Task to complete:
Return exactly, please, the lines from the one containing "ABACUSSPIELE 03131 - Ricochet" to the last line of the entries below, and nothing else, leaving pictures out.

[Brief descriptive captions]
◆ ◆ ◆
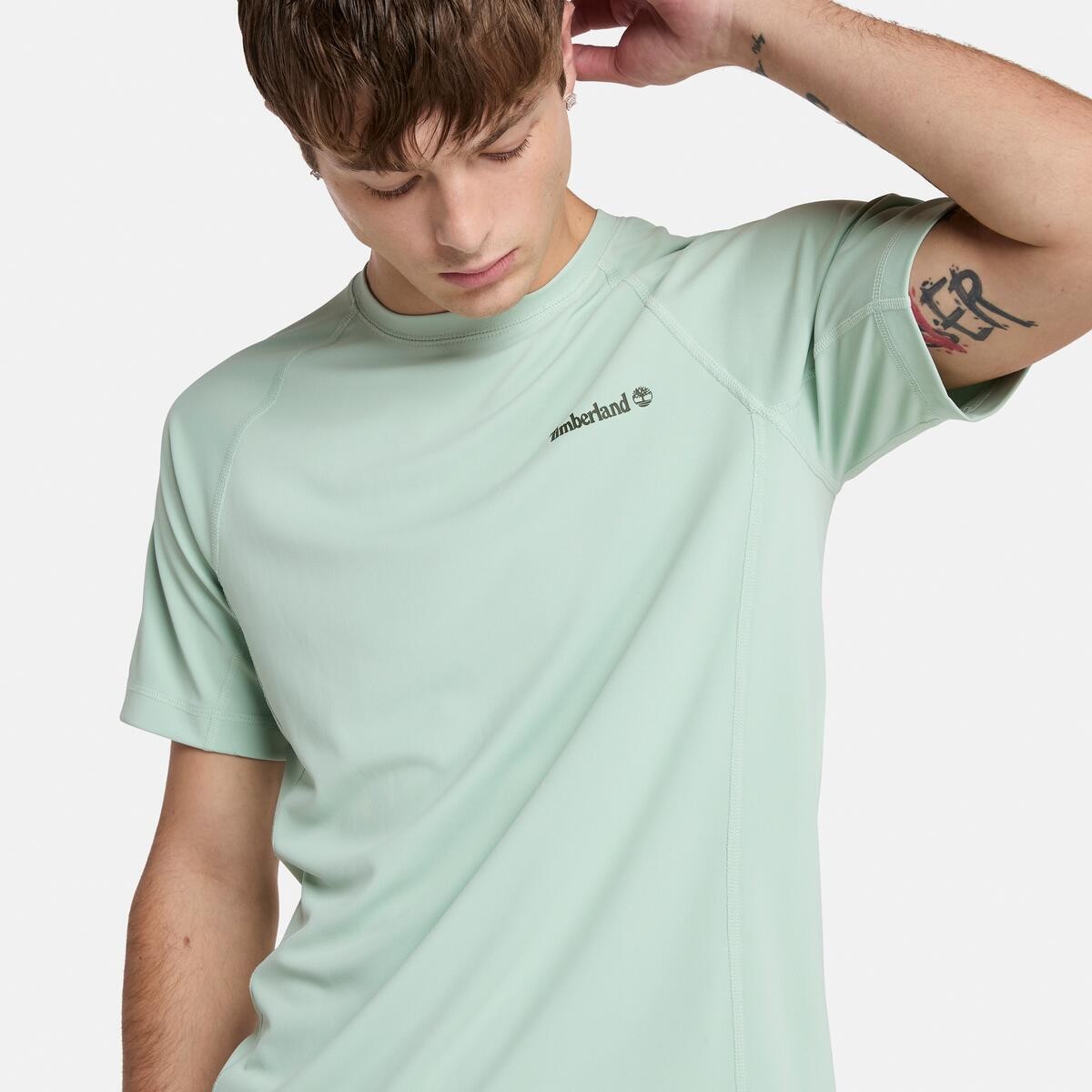 Timberland Refreshing Touch Short Sleeve Tee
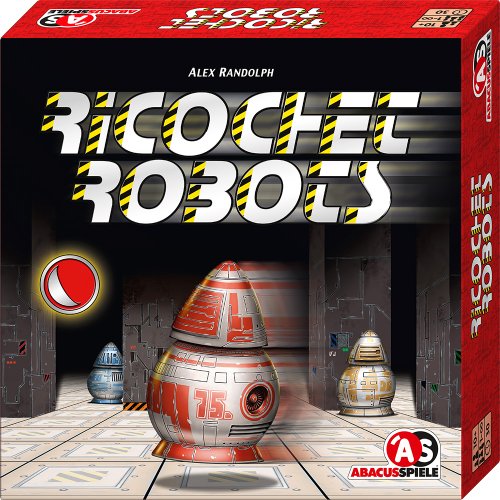 ABACUSSPIELE 03131 - Ricochet Robots, Brettspiel von ABACUSSPIELE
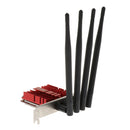 PCI-e 1900Mbps Wi-Fi Adapter Network Card 2.4/5.8G With 4 Antenna for Desktop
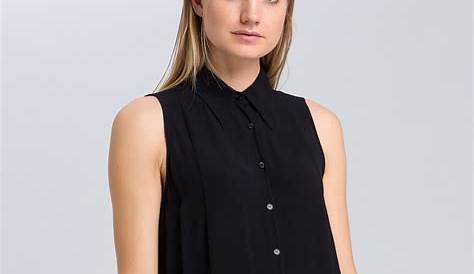 Can A Blouse Be Sleeveless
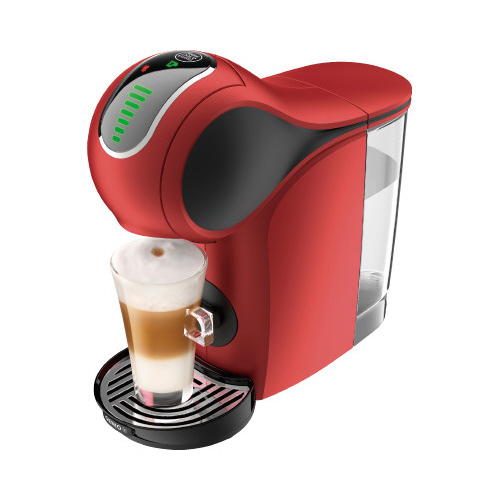 ネスカフェドルチェグスト　ジェニオエスレッドメタル画像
◆ ◆ ◆
Output below:
 ABACUSSPIELE 03131 - Ricochet Robots, Brettspiel von ABACUSSPIELE
 PCI-e 1900Mbps Wi-Fi Adapter Network Card 2.4/5.8G With 4 Antenna for Desktop
 Can A Blouse Be Sleeveless
 ネスカフェドルチェグスト　ジェニオエスレッドメタル画像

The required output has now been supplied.